It’s a long way from the South Kashmir district of Shopian to the Western Express highway in Goregaon, where computer engineer Mohammed Iqbal Wani was gunned down by an elite squad of the Mumbai police on March 29. Just how long was made clear yesterday when Mumbai went about its business but a tiny village in Kashmir erupted in anger.
In Mumbai, inspectors Pradeep Sharma and Daya Nayak are being congratulated for courage under fire when Wani and his two Pakistani associates opened up on the police with an AK-47 and two pistols. The verdict: Wani was part of a Lashkar-e-Toiba unit.

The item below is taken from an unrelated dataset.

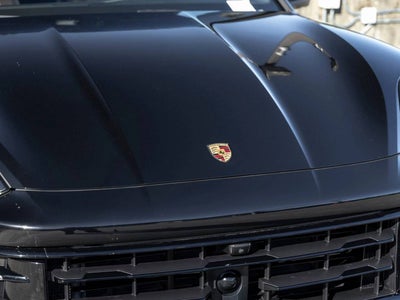 2024 Porsche Cayenne Base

But the Lashkar taint matters little here in Teng Mohalla, home of Wani, who came from a prosperous family. As soon as his body was brought from Srinagar airport to Shopian bus terminal — the Wanis stay nearby — the entire village responded with a shutdown and proceeded to his house.
All hell broke loose as the body, in a coffin but with a highly decomposed face uncovered, was carried for burial. The funeral procession, which meandered through the village for the ‘‘Namaz-e-Jenaza’’ at Jamia mosque, soon turned into a protest as people raised pro-freedom and anti-India slogans. ‘‘Jeeve Jeevei Pakistan (Long live Pakistan), Advani terrorist no. 1,’’ a group of youth who led the funeral procession shouted. They did not spare the Chief Minister either, shouting: ‘‘Mufti’s healing touch not required.’’
‘‘He was no militant,’’ said an angry Mohammad Amin, a villager. ‘‘The tragedy of Kashmiris is that they can easily be categorised as militants even if they are simple engineers.’’
The Mumbai police say Wani was anything but a simple computer engineer. He had gone to Dubai, received arms training, and with his Pakistani colleagues in the Lashkar, was in Mumbai en route to finding targets in South India.
Wani was running the Rose Computer Centre at Shopian, affiliated to the Royal Computer Engineering College based in New Delhi, Mumbai and Bangalore. To the villagers, it’s just another custodial killing. Wani was on a ‘‘business visit’’ to Mumbai, the villagers say, and was in touch with his family. Well, at least till March 24. There was no contact since. In Mumbai, police say they were hot on the trail of Wani for at least three days before the encounter.
At Rose Computer Centre, Wani’s former colleague said: ‘‘He was highly affable. I don’t think he had any leaning towards militancy.’’
‘‘What healing touch are they preaching?’’ asked a village elder. ‘‘Kashmiris are dying everywhere. Few days back it was the turn of Kashmiri Hindus at Nadimarg. Today it is Iqbal in Maharashtra. Tomorrow, somewhere else.’’ Another joined in: ‘‘Let us suppose he was a militant. Is this the way to kill him, extra-judicially?’’ He doesn’t believe a word about the gunfight.